[tex]y = \ln(x) \cos(2x)[/tex]
Take the logarithm of both sides.
[tex]\ln(y) = \ln\bigg(\ln(x) \cos(2x)\bigg)[/tex]
Expand the right side.
[tex]\ln(y) = \ln\bigg(\ln(x)\bigg) + \ln\bigg(\cos(2x)\bigg)[/tex]
Use the chain rule to differentiate both sides with respect to [tex]x[/tex].
[tex]\dfrac{y'}y = \dfrac{\bigg(\ln(x)\bigg)'}{\ln(x)} + \dfrac{\bigg(\cos(2x)\bigg)'}{\cos(2x)}[/tex]

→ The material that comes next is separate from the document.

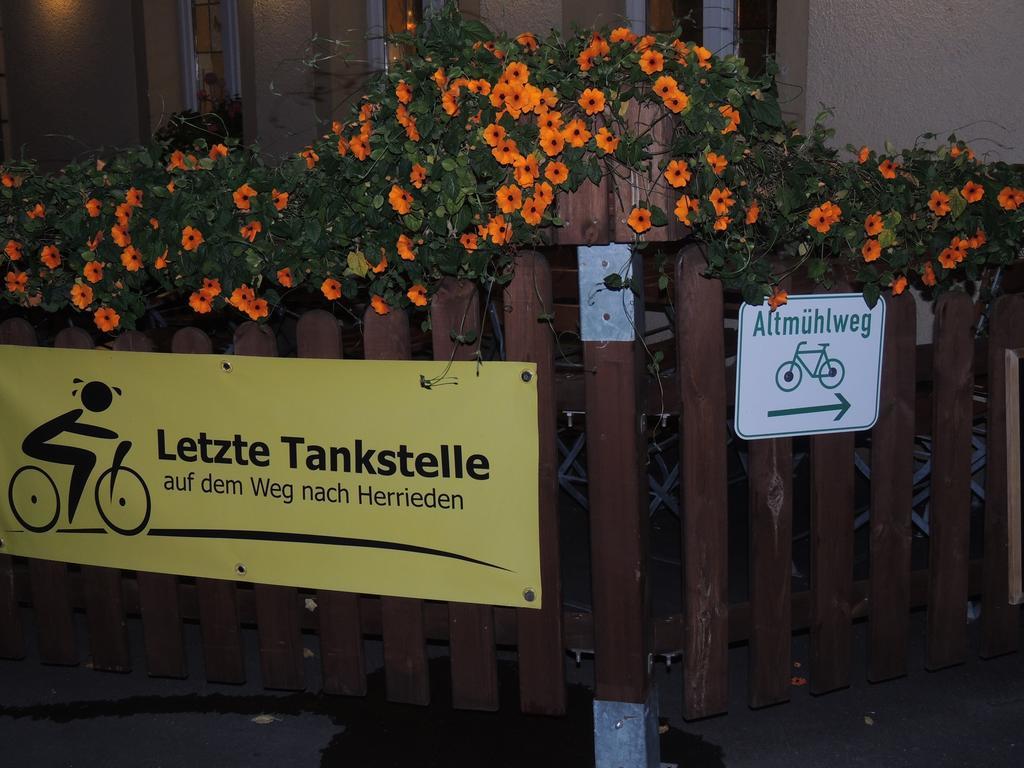 Hotel-Gasthof Neue Post Leutershausen  외부 사진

[tex]\dfrac{y'}y = \dfrac1{x\ln(x)} - \dfrac{\sin(2x)\bigg(2x\bigg)'}{\cos(2x)}[/tex]
[tex]\dfrac{y'}y = \dfrac1{x\ln(x)} - 2 \tan(2x)[/tex]
Solve for [tex]y'[/tex].
[tex]\dfrac{y'}y = \dfrac{1 - 2x \ln(x) \tan(2x)}{x\ln(x)}[/tex]
[tex]y' = \dfrac{1 - 2x \ln(x) \tan(2x)}{x\ln(x)}\,y[/tex]
[tex]y' = \dfrac{1 - 2x \ln(x) \tan(2x)}{x\ln(x)}\,\bigg(\ln(x) \cos(2x)\bigg)[/tex]
[tex]y' = \boxed{\dfrac{\cos(2x) - 2x \ln(x) \sin(2x)}x}[/tex]